# Description of the task
What you produce should be the lines from the line containing "MRI in patient with prostate cancer." through the last line below, both ends included, reproduced exactly and without pictures.

# Available data
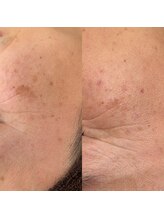 ギャラクシービューティー(galaxy beauty)/プラズマシミケア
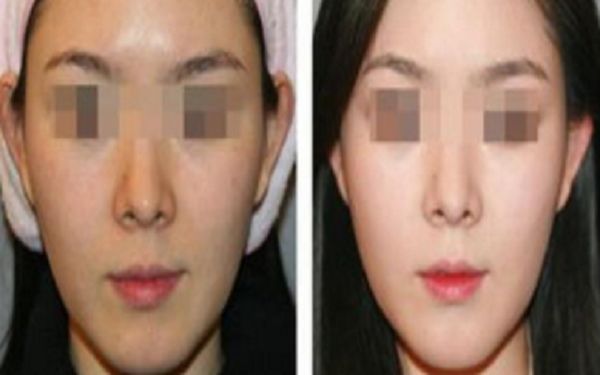 銅陵博愛醫(yī)院醫(yī)療美容科，專業(yè)醫(yī)生技術如何？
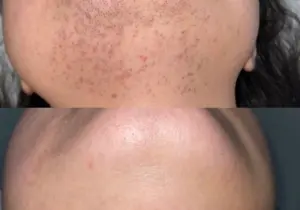 completed chin package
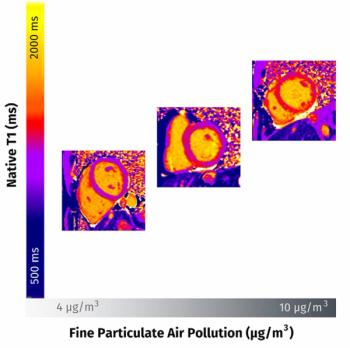 Cardiac MRI Study Affirms Link Between Air Pollution Exposure and Increased Diffuse Myocardial Fibrosis 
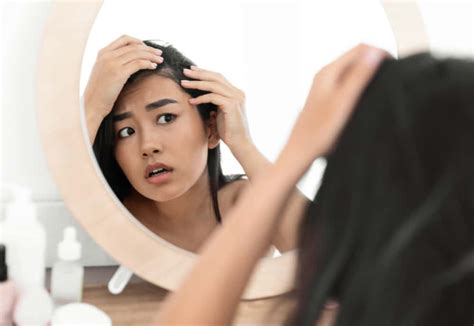 Ano Ang Alopecia: Alamin Ang Mga Fact Tungkol Sa Kondisyong Ito.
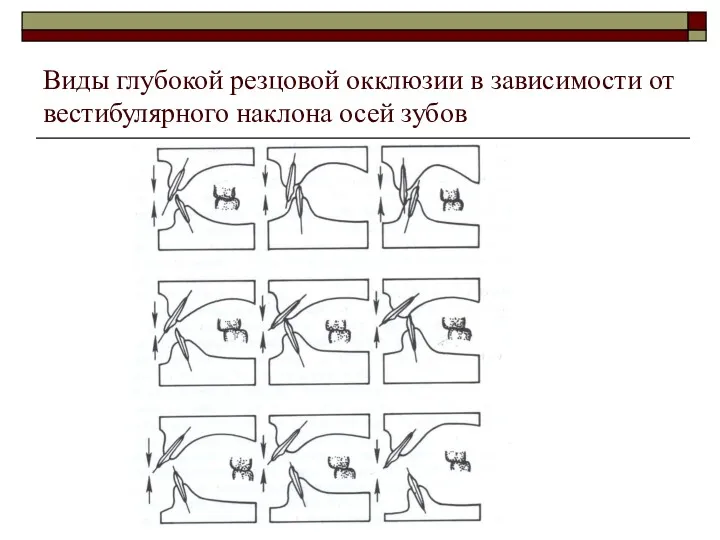 Виды глубокой резцовой окклюзии в зависимости от вестибулярного наклона осей зубов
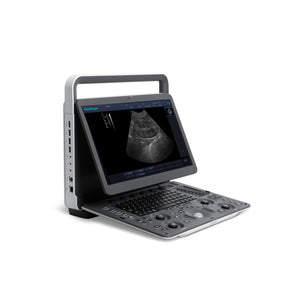 
                  
                    SonoScape E1 Black & White Human Ultrasound | KeeboMed
                  
                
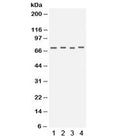 Western blot testing of human 1) HeLa, 2) COLO320, 3) HT1080 and 4) PANC cell lysate with Kv1.4 antibody. Expected/observed molecular weight ~73 kDa.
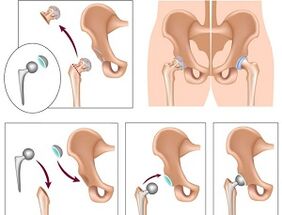 arthroplastie pour l'arthrose de la hanche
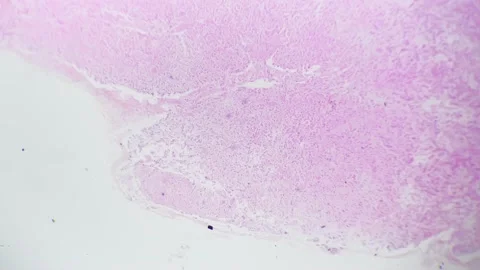Pineal body of human being in section shown under biological microscope 40x on Stock Footage 229029922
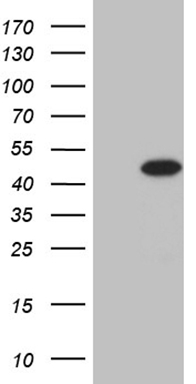 HEK293T cells were transfected with the pCMV6-ENTRY control (Left lane) or pCMV6-ENTRY STX18 (RC201016, Right lane) cDNA for 48 hrs and lysed. Equivalent amounts of cell lysates (5 ug per lane) were separated by SDS-PAGE and immunoblotted with anti-STX18 (1:2000). Positive lysates LY413750 (100ug) and LC413750 (20ug) can be purchased separately from OriGene.
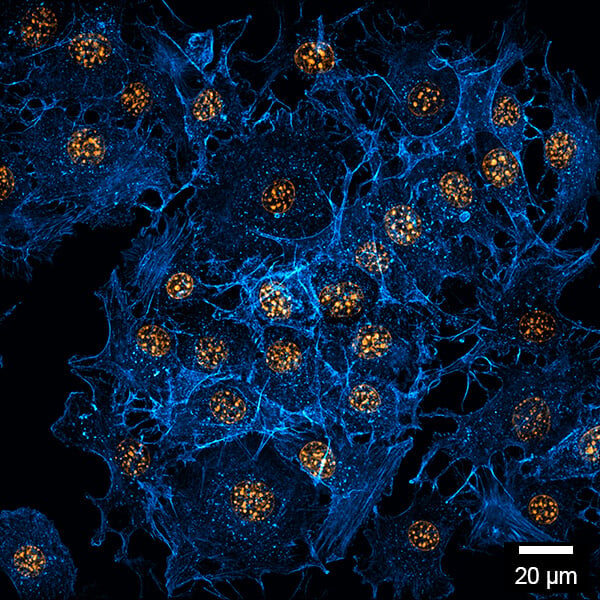 Widefield fluorescence image of NIH-3T3 cells cultivated in the µ-Slide 32 Well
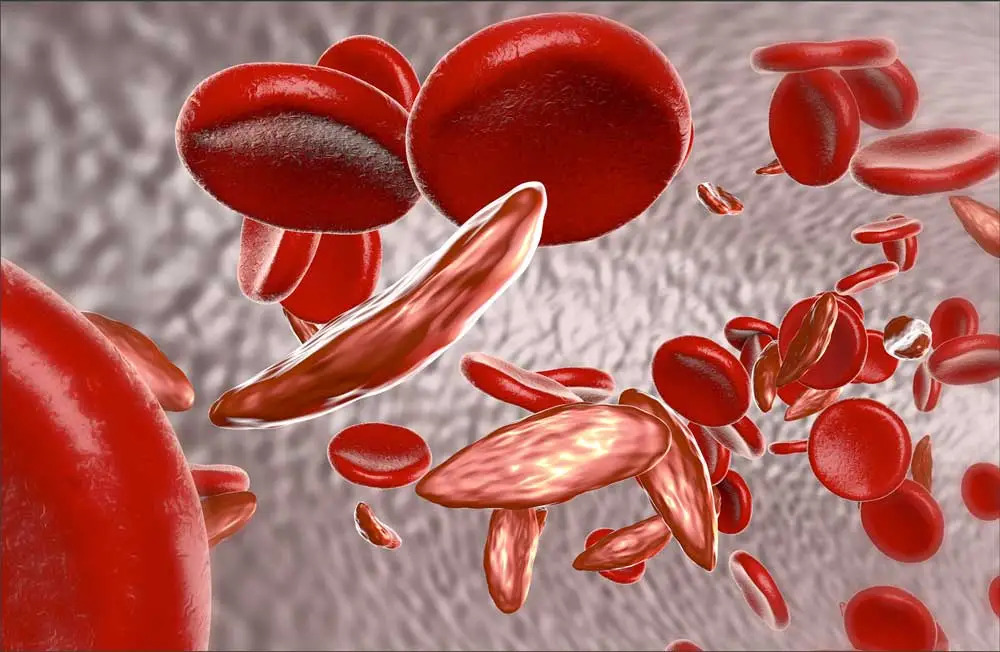RedBloodCell RedBloodCell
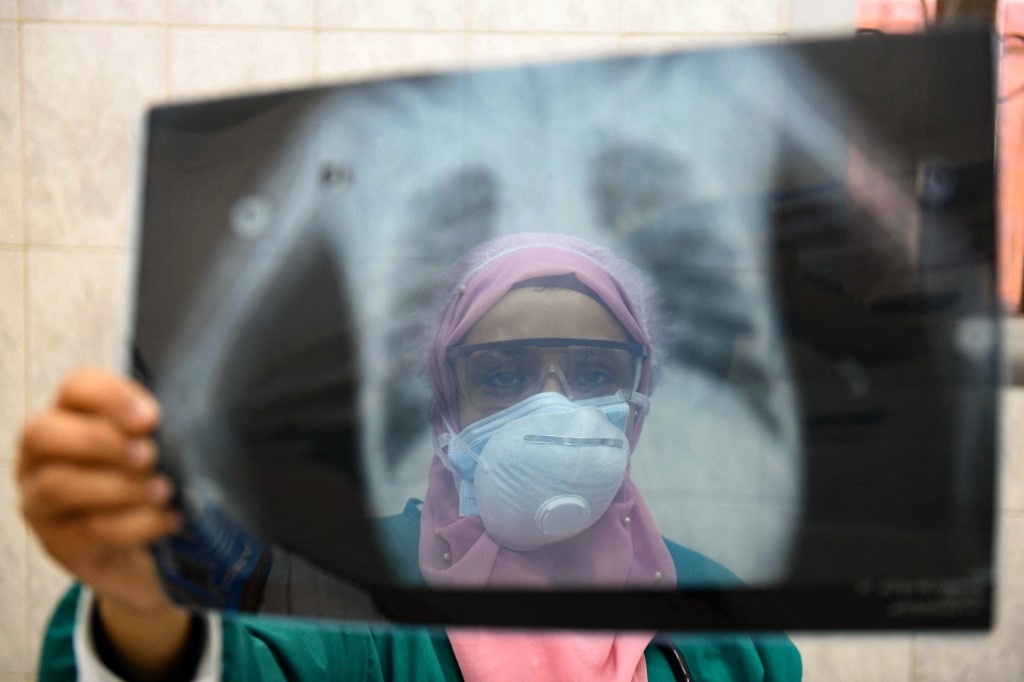A doctor looks at a patient's lung X-ray at a Cairo hospital, 19 April 2020 (AFP)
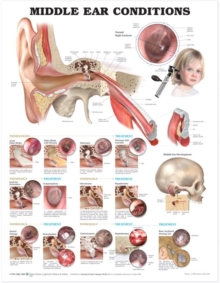 Image for Middle Ear Conditions Anatomical Chart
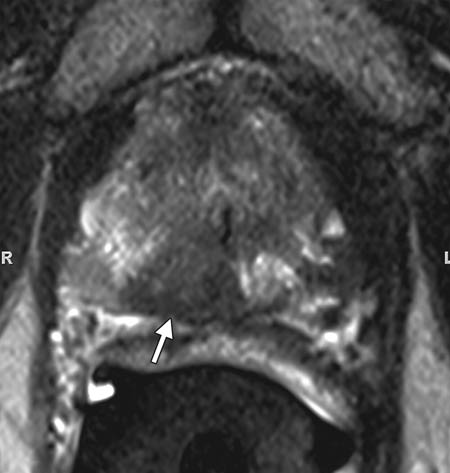 MRI in patient with prostate cancer. 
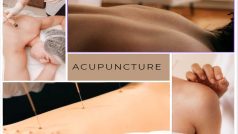 Acupuncture: जानें एक्यूपंक्चर क्या है और कैसे हमें स्वास्थ्य लाभ देता है?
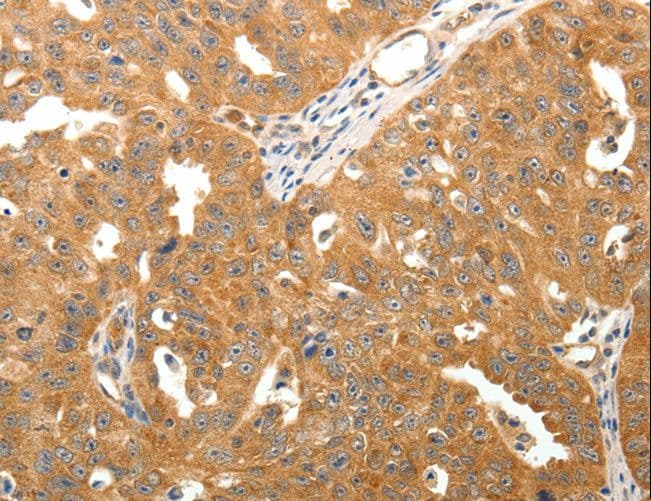 TNN / Tenascin N Antibody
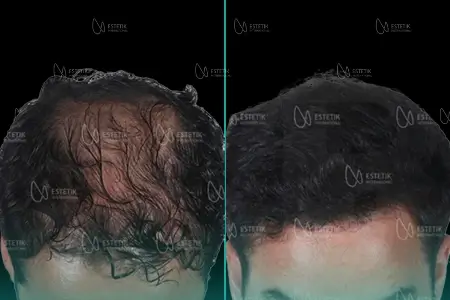 Before-After Combined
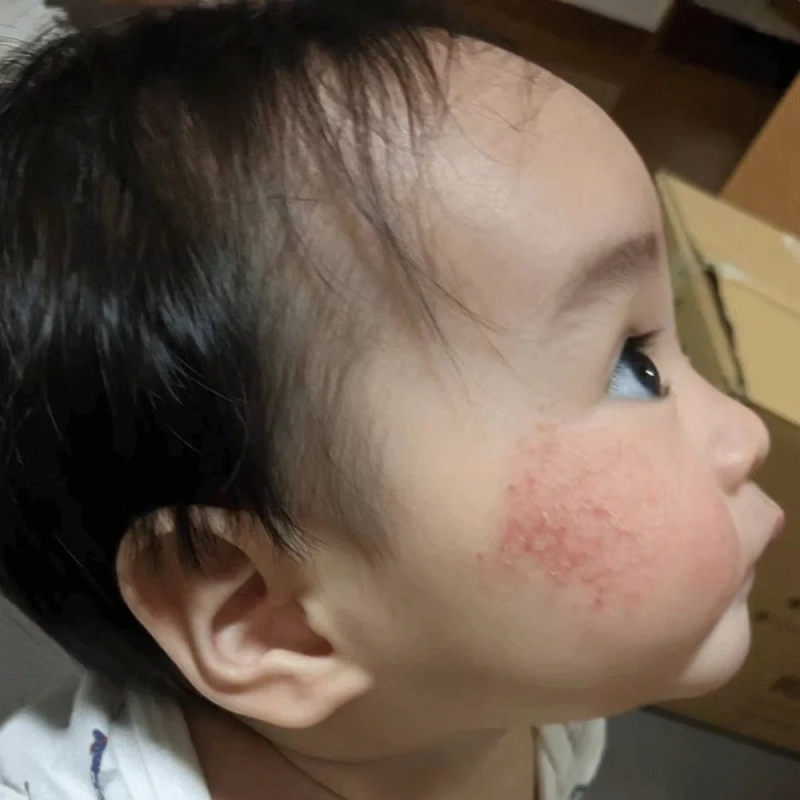 赤ちゃんの肌トラブル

# Output of the exercise
 MRI in patient with prostate cancer. 
 Acupuncture: जानें एक्यूपंक्चर क्या है और कैसे हमें स्वास्थ्य लाभ देता है?
 TNN / Tenascin N Antibody
 Before-After Combined
 赤ちゃんの肌トラブル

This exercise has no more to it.